REQUIRED ACTION >>
No image is to be carried over; reproduce the rest of the listing word for word.

DATASET CONTENT >>
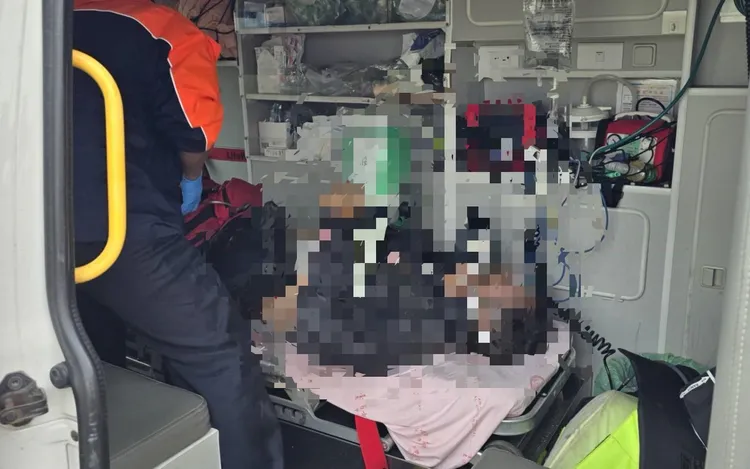 警消到場時蘇男已無生命跡象，先送佳里奇美醫院救回，又到柳營奇美進行心導管手術。民眾提供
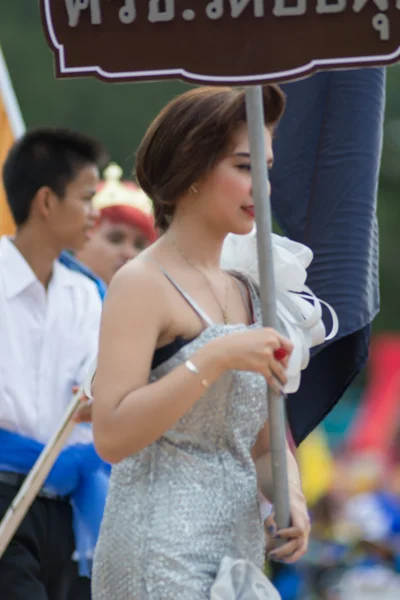 Desfile del día del deporte en Tailandia — Foto de Stock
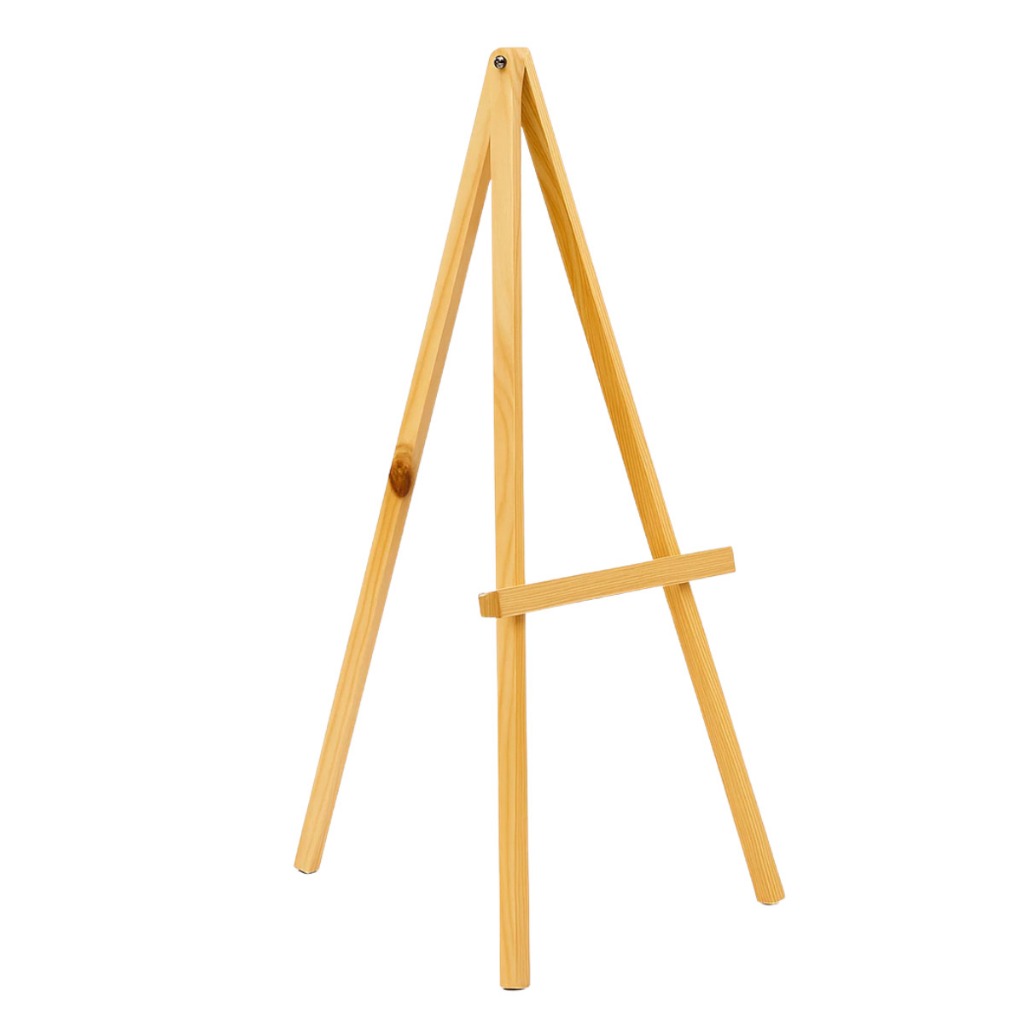 Cavalete De Madeira Dobrável P/ Pintura E Exposição – Modelo Tripé 1 Metro em Oferta na Shopee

RESPONSE AREA >>
 警消到場時蘇男已無生命跡象，先送佳里奇美醫院救回，又到柳營奇美進行心導管手術。民眾提供
 Desfile del día del deporte en Tailandia — Foto de Stock
 Cavalete De Madeira Dobrável P/ Pintura E Exposição – Modelo Tripé 1 Metro em Oferta na Shopee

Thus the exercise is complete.